Hokkaido Milk Bread is a very soft and light bread, thanks to the method called Tang Zhong, a kind of pre-dough similar to béchamel sauce.
A semi-sweet bread, great with some good jam, but also good to accompany the table with cold cuts. It is a very versatile bread.
An Asian bread widely used there, in fact, it is easily found in their bakeries.
A really simple bread to make, and like all leavened products, it takes time to achieve the best result with the right leavening and softness.
A bread that will stay soft for a few days, but I’m sure it will be gone quickly, it’s too good to leave it in the pantry!
If you make this or any of my other recipes on my blog, feel free to send me your photos, and I’ll post them on my fb page under your name.
Approx. 1550 Kcal per bread
- Difficulty: Easy
- Cost: Economical
- Rest time: 3 Hours
- Preparation time: 20 Minutes
- Portions: 2 Pieces
- Cooking methods: Electric oven
- Cuisine: Asian
- Seasonality: All seasons
Ingredients for Hokkaido Milk Bread
- 1/3 cup manitoba or all-purpose flour
- 3/4 cup whole milk
- 4 1/2 cups Manitoba flour
- 1 1/8 cups cold whole milk
- 1 medium egg
- 1/4 cup sugar
- 2 1/2 tsp salt
- 2 tsp fresh yeast
- 1/4 cup butter at room temperature
- pre-dough
- 1 egg yolk
- 2 tbsp milk
- 1 Loaf pan loaf pan
Preparation of Hokkaido Milk Bread
In a saucepan, place the 1/3 cup of flour and add the 3/4 cup of milk a little at a time, stirring until all the milk is incorporated without forming lumps. Then place on low heat and cook until a thick cream forms.
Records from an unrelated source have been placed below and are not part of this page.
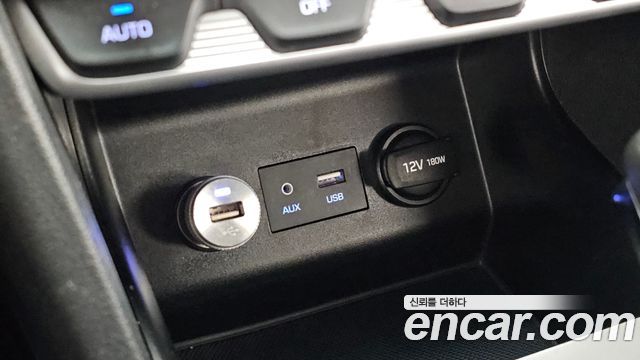 Hyundai AVANTE 2020 — photo 22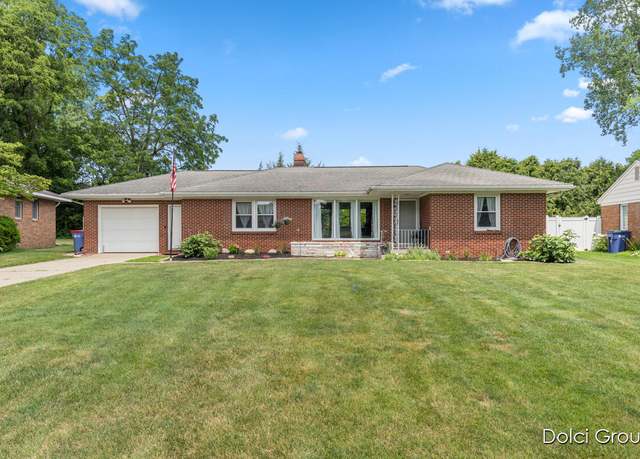 Property at 1925 7th St NW, Grand Rapids, MI 49504, 3 beds, 1.5 baths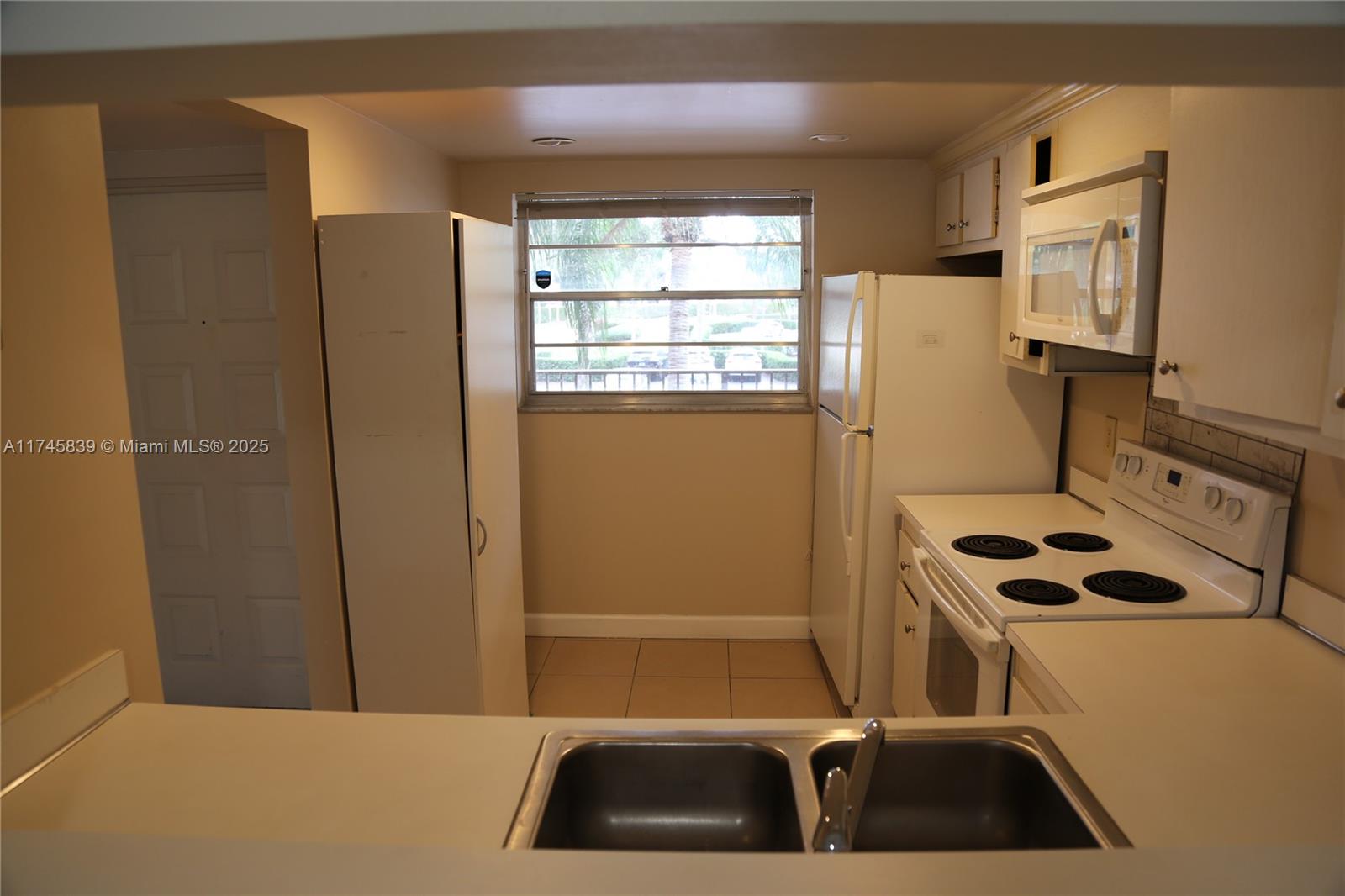 CONDO 1 OF SABAL PALM CON - Residential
Remove from heat, let it cool a bit, then cover with cling film touching the cream and refrigerate.
Prepare the dough by setting up the mixer with the K-hook, add the flour, sugar, salt and mix for a few seconds. Then add the crumbled yeast, egg, milk and pre-dough.
Mix everything for a couple of minutes.
At this point, add the softened butter a little at a time, mixing after each addition. Mix well until the dough detaches from the sides.
Change the hook, replacing the K-hook with the dough hook, and work the dough starting from low speed gradually increasing to ensure it binds well.
Place the dough in a large container and let it rise covered in a warm place for about 2 hours.
Once risen, place the dough on a lightly floured work surface, then divide it into 6 parts of 200 g each, form balls and let them rest covered for 20 minutes.
After the time has passed, extend each ball into an oval shape, bring the two ends towards the center,
then turn the dough a quarter and extend it again creating an oval, roll it on itself sealing the roll well with your hands.
Prepare 2 loaf pans, buttered and floured, or lined with parchment paper. I used one silicone and one steel, so I adjusted accordingly.
Place 3 rolls in each pan and let them rise covered in a warm place for about 1 hour. Then prepare a beaten egg yolk with milk and brush the surface of the bread.
Preheat the oven to 338°F, place a saucepan with water in the oven, and bake the 2 loaves for 30-35 minutes, checking for doneness.
Once baking is complete, remove the bread from the oven and let them cool before removing from the pan.